In terms of affordability and ability to pay, which provides a bridge between reaching and using healthcare [26], results show households at an economic advantage to be more likely to have private medical insurance when compared to those at a socio-economic disadvantage (CCI + 0.490, p < 0.001). Economically disadvantaged households found it difficult to pay for their medical care (CI − 0.162, p < 0.001) and prescription medicine (CI − 0.169, p < 0.001). Although individual overall utilisation was unequally distributed across the five wealth quintiles, the summary measure of inequality was not significantly different from zero (CCI + 0.033, p = 0.257) and hence overall utilisation was not decomposed. The concentration indices depicted in Table 4 also differentiate the private and public sectors, respectively, in terms of the nature of healthcare utilisation. Private care (CCI + 0.247, p < 0.001) was concentrated among relatively better-off individuals, while those individuals who were economically worse-off depended on the public sector (CCI − 0.231, p < 0.001). Sector-specific household-level socio-economic inequalities were even more pronounced, with concentration indices as high as CCI + 0.490 (p < 0.001) for private healthcare and CCI − 0.462 (p < 0.001) for public healthcare utilisation. In terms of healthcare consequences, the results show that relatively wealthy individuals were more likely to report being satisfied or very satisfied with their healthcare service (CI + 0.074, p = 0.008) and service provider (CI + 0.078, p = 0.006), respectively.

Decomposition of socio-economic inequality in healthcare utilisation

Table 5 shows the results of the decomposition analysis.

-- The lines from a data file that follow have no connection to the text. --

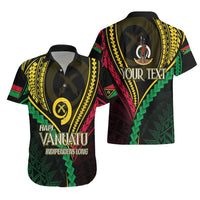 Personalised Vanuatu Hawaiian Shirt 44th Hapi Indipendens Long LT7 - Polynesian Pride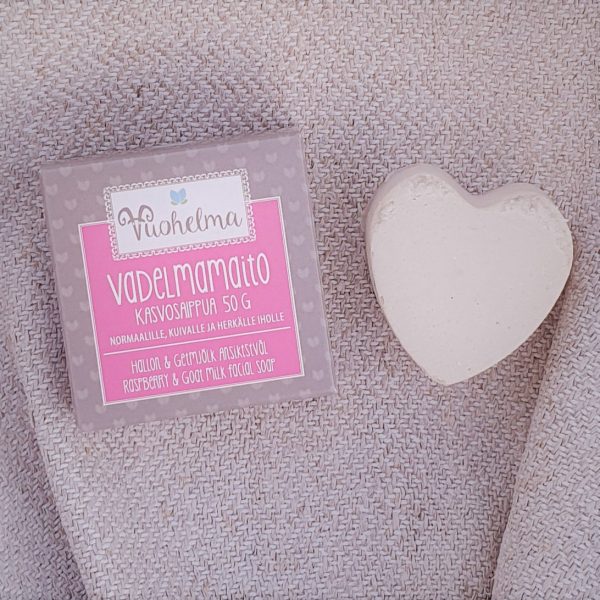 Raspberry Milk Facial Soap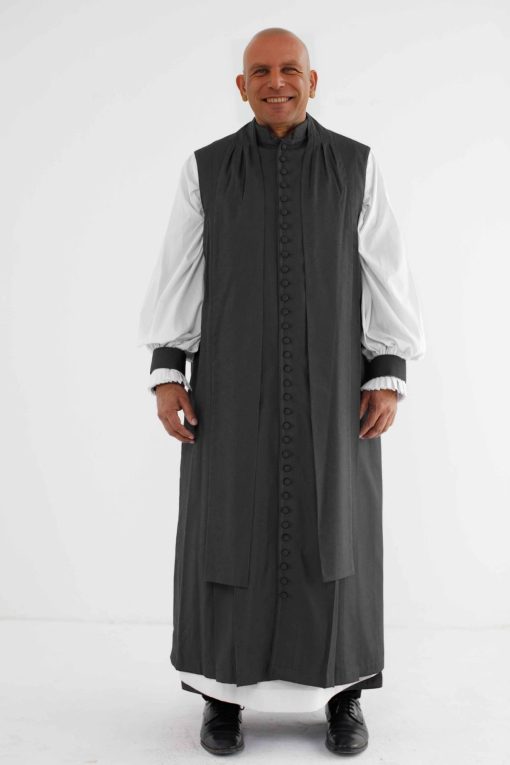 Black Clergy Chimere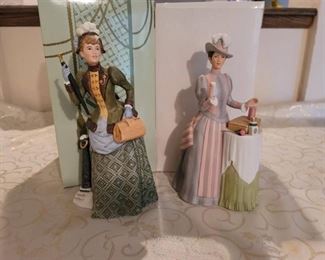 1987 and 1984 Mrs Albee Awards~ Avon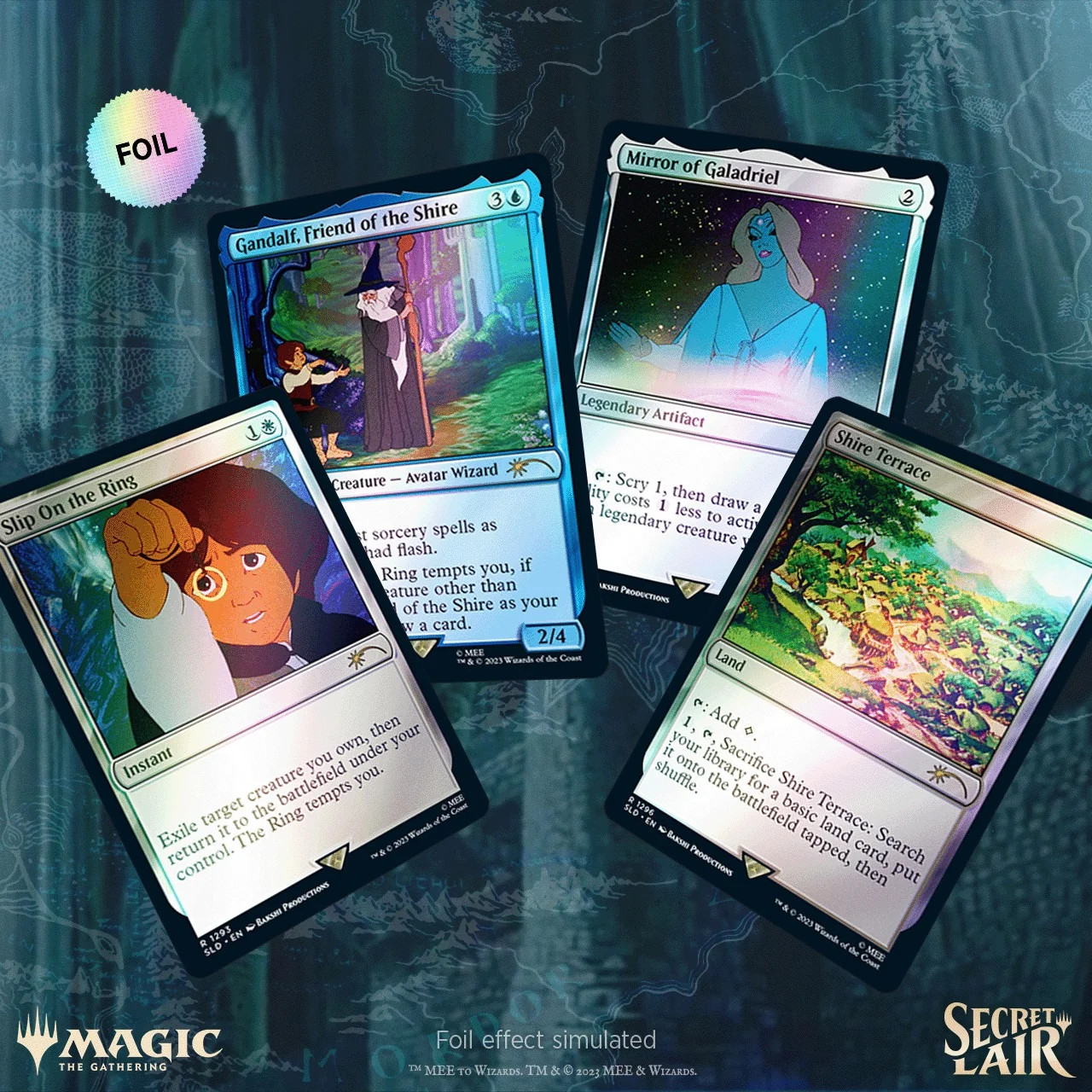 Magic: The Gathering TCG - Secret Lair - More Adventures in Middle-earth Foil Ed
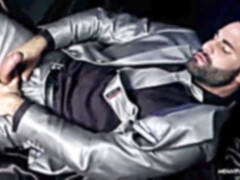 Big muscles, hunk big cock, hairy wank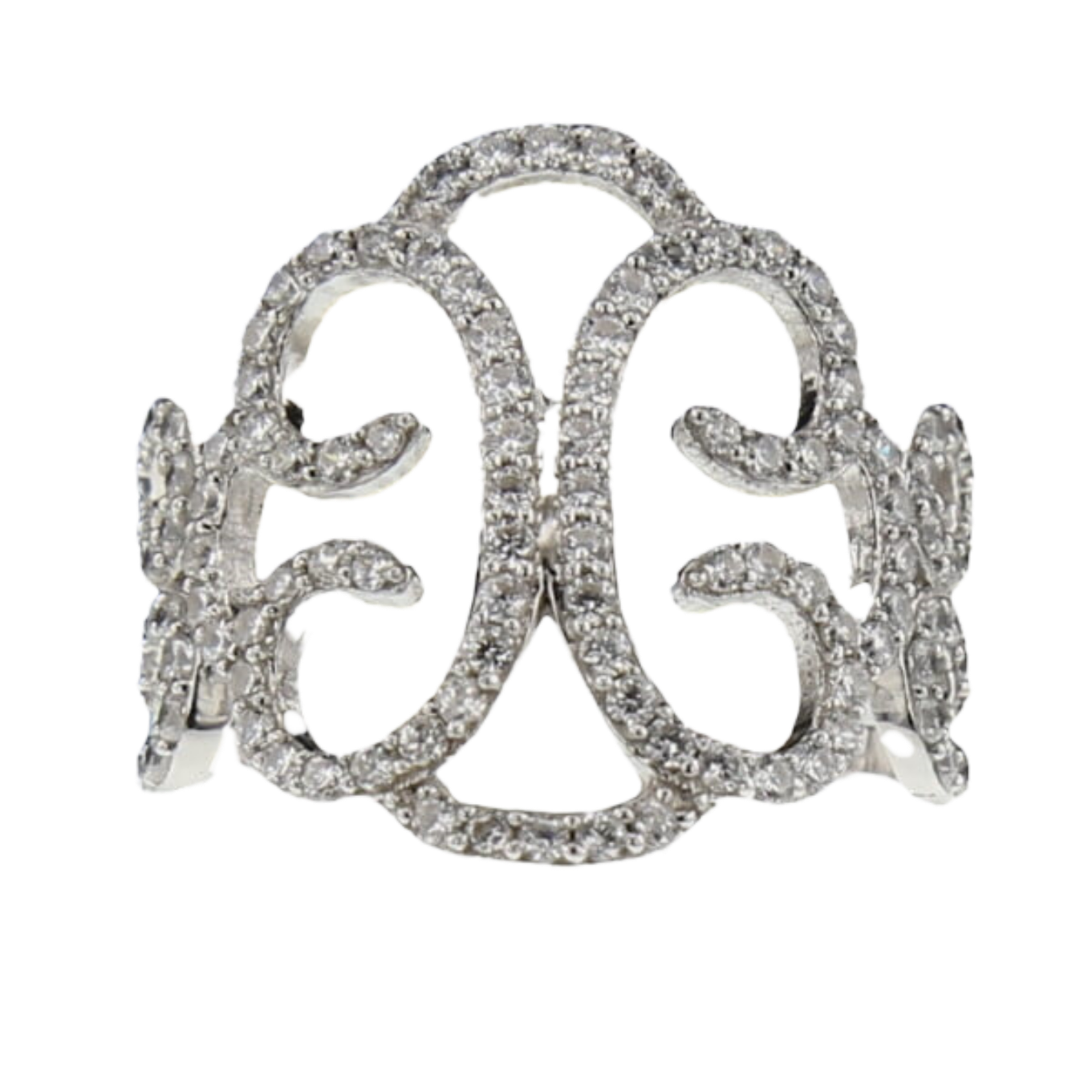 BAGUE_ARGENT_925_PIERRES_SYNTHETIQUES image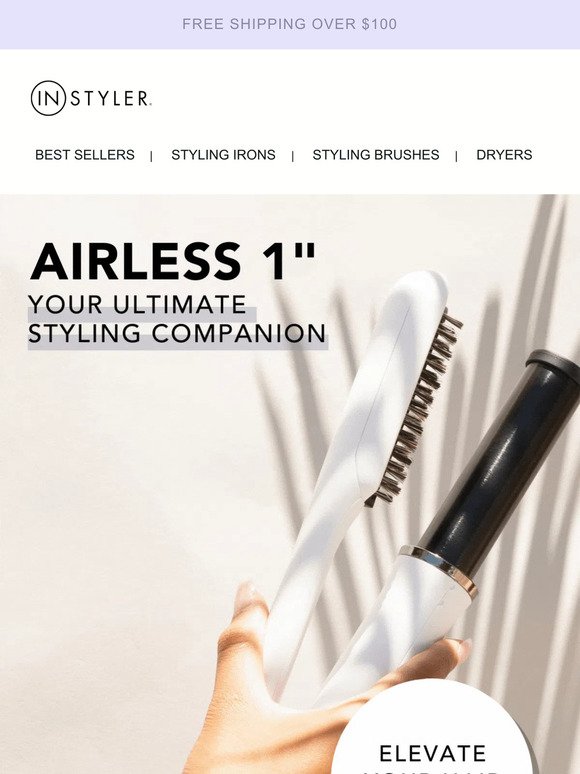 Unleash Your Hair's Potential with AIRLESS!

The columns report the margins, absolute contributions (the product of each determinant’s elasticity and CI) and their bootstrapped standard errors and p-values, as well as the percentage contributions of each explanatory factor. In terms of sector-based healthcare utilisation, two factors, namely household wealth (45.20%) and access to private medical insurance (46.40%), together explained almost all of the observed inequality in private sector healthcare utilisation. The same two factors (household wealth – 34.76% and private medical insurance – 48.58%), together with being African (20.24%), were all statistically significant and large contributors to inequality in public sector healthcare utilisation. Subjectively perceived need (12.81%, p = 0.001), and challenges with the affordability of care (− 6.62%, p = 0.008) made modest but statistically significant contributions to inequality in private sector healthcare utilisation. Need also made a modest (− 12.44%) but statistically significant (p = 0.002) contribution to public sector healthcare utilisation. For private sector healthcare utilisation, the contribution of age was statistically significant (p = 0.004), but small (1.96%). In the case of public sector healthcare utilisation, the contribution of self-reported health was small (2.12%) yet statistically significant (p = 0.001). The unexplained residuals for both the private (− 11.13) and public (− 0.48) decomposition models are negative and, as a result, the need, access and other variables explain all of the measured inequality in healthcare utilisation.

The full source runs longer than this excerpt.